# Optimisation for Machine Learning

September 20, 2023

### Logistic
Contact: [Clement Royer](mailto:clement.royer@lamsade.dauphine.fr)
Lecture's web: [URL](https://www.lamsade.dauphine.fr/%7Ecroyer/teachOAA.html)
Examen: 60% (2h), dated December 13, 2023 10:00 AM - 12:00 PM
Project: 40%, during from October 6, 2023 to December 23, 2023

In [3]:
import numpy as np
import matplotlib.pyplot as plt
plt.style.use('seaborn-paper')
plt.rc('text', usetex=True)
plt.rc('font', family='serif')
plt.rc('font', size=18)
plt.rc('axes', titlesize=18)
plt.rc('axes', labelsize=18)
plt.rc('xtick', labelsize=18)
plt.rc('ytick', labelsize=18)
plt.rc('legend', fontsize=18)
plt.rc('lines', markersize=10)
plt.rcParams['figure.figsize'] = [12, 12]

#### What is optimisation?
- Field of study that is concerned with finding the best decision (or decisions) from a set of available alternatives. In the simplest case, this is the problem of finding a maximum (or minimum) of a real function $f(x)$ of a real variable $x$.
- As a subfield of theoritical computer science/computational mathematics, matured between 1980s - 2000s with efficient software packages.
- Shift in the past decades (2000s - 2020s) data-driven optimisation, with the rise of machine learning and big data, lead to specific optimisation problems/formulations, changes the preferred classes of algorithms. Old algorithms became trendy again.
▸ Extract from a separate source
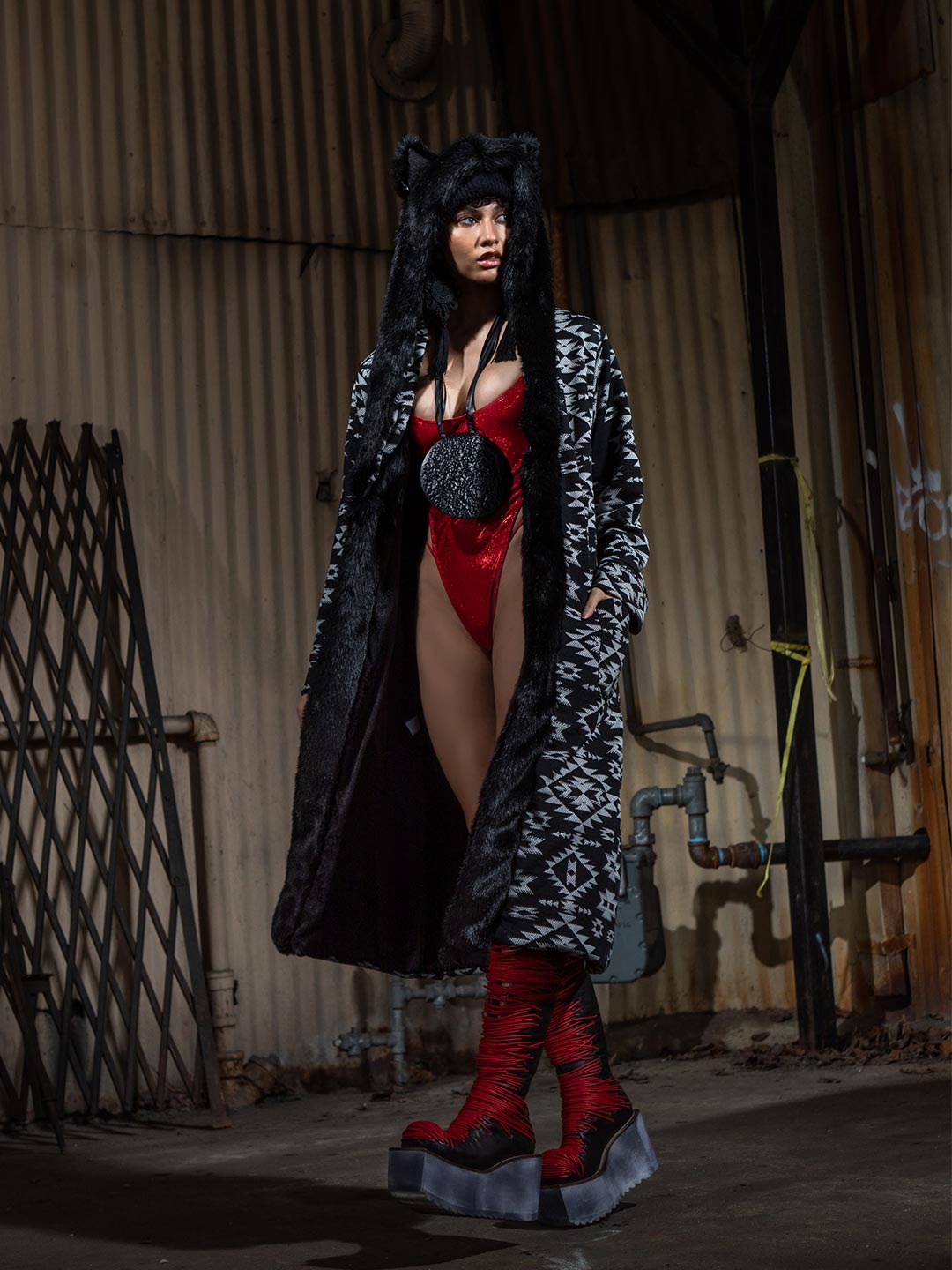 Woman wearing Santa Fe Wolf Classic Faux Fur Style Robe, side view 1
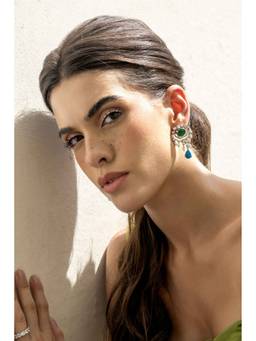 PRATA - Mirador Deco Green Earrings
Other algorithms are irrelevant (e.g. Newton's method).

#### Typical optimisation ML:
Start with data $D = \{(x_i, y_i)\}_{i=1}^n$ and a model $h(x, \theta)$, where $\theta$ is the parameter to be optimised. The goal is to discover a mapping between the input $x_i$ and the output $y_i$. $h$ such that $h(x_i, \theta) \approx y_i$ for all $i$.

#### Process: Training/Learning
Typically $h$ is defined/parameterized with a vector $\theta \in R^d$ and learning consists in finding the best $\theta$ such that $h(x_i, w) \approx y_i$ for all $i$.

An optimisation problem asscoiated with this task will have following form:
$$
\min_{\theta \in R^d} f_D(\theta) + \lambda R(\theta)
$$
where $f_D(\theta)$ is the loss function, $R(\theta)$ is the regularisation term and $\lambda$ is the regularisation parameter.

#### Notation:
$w = \begin{bmatrix} w_1 \\ \vdots \\ w_d \end{bmatrix} \in R^d$ is the vector of parameters to be optimised.
Objective function: $f(w) = f_D(w) + \lambda R(w)$ is the function to be minimised.
Optimal solution: $w^* = \arg \min_{w \in R^d} f(w)$ is the vector of parameters that minimises the objective function.
Optimal value: $f^* = f(w^*)$ is the value of the objective function at the optimal solution.